As you've seen, Dfs greatly simplifies access to network resources for end users and, with AD enabled, provides a measure of fault tolerance. To make sure Dfs works optimally for your organization, you'll need to decide what files need to be replicated and, if necessary, tweak Dfs's redirection. I've covered the essential information you need to get started with Dfs. For more in-depth information about Dfs, check out Microsoft's Distributed File System and File Replication Services Web site at http://www.microsoft.com//windowsserver2003/technologies/fileandprint/file/dfs/default.mspx.
|Project Snapshot: How to|
| PROBLEM: You need a seamless way to let users access folders on computers scattered across the network. Microsoft's Dfs offers a solution.|
WHAT YOU NEED: Network that includes multiple servers running Windows 2000 Server or later; Active Directory (AD), if you want to use AD–enabled Dfs; Windows client systems
DIFFICULTY: 2 out of 5
| Each Dfs type has its advantages and limitations. An important point to remember about Dfs is that unlike Active Directory (AD)–integrated DNS, domain-based Dfs doesn't have to be hosted on a domain controller (DC); it can be hosted on any domain member server running Windows 2000 Server or later. At startup time and at periodic intervals (by default, once every hour), the Dfs servers simply query the domain's PDC emulator to obtain the latest Dfs namespace data. This periodic querying can become a resource bottleneck.

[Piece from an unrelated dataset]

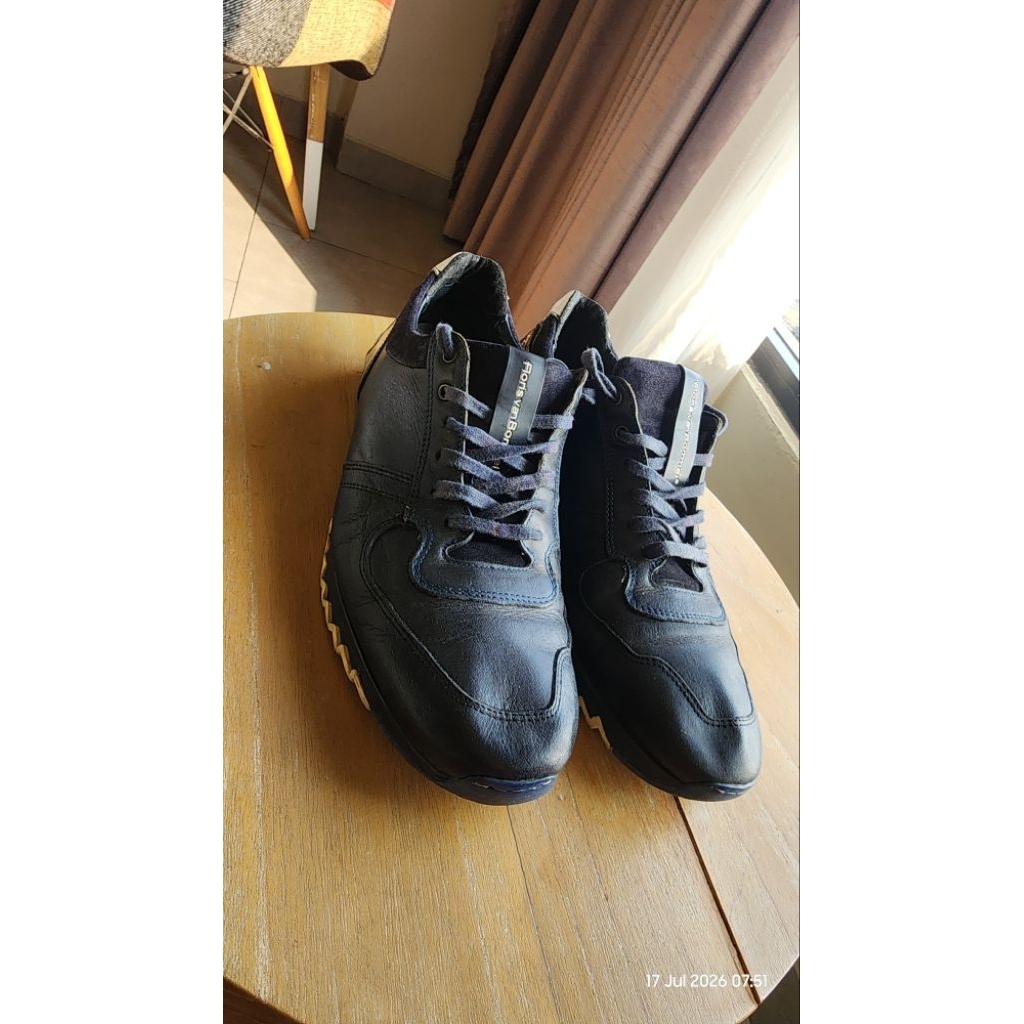 Floris van Bommel Original Leather Sneakers – Size 43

It also imposes a practical 16-root replica limit on Dfs implementations, which means that you probably shouldn't have more than 16 Dfs servers per Dfs namespace because synchronization between the Dfs servers becomes more complex each time the Dfs structure is changed (i.e., a new link or link target is added). (The exception to this limit is Dfs on Windows Server 2003, which has a new "root-scalability mode" that usually lets Dfs servers query any DC in the domain instead of only the PDC emulator.)|
Another limitation of domain-based Dfs is that the entire Dfs structure (e.g., links, link targets, root servers) is stored as a single object that must be replicated to all DCs in the domain whenever anything in the Dfs structure is changed. (Does this remind you of Win2K Server's group membership replication?). Because of this replication behavior, Microsoft recommends a maximum Dfs object size of less than 5MB—about 5000 links. (An average Dfs implementation has only about 100 links.) If you need more than 5000 links, consider splitting the Dfs namespace into multiple namespaces or using standalone Dfs namespaces, which have a recommended limit of 50,000 links. Another way to minimize the space that Dfs uses in AD is to limit the number of comments you enter for the links, which are also stored in the Dfs AD object. Remember, though, that this Dfs namespace isn't likely to change frequently. After you've set up your initial Dfs configuration, it will remain fairly static and won't often be replicated.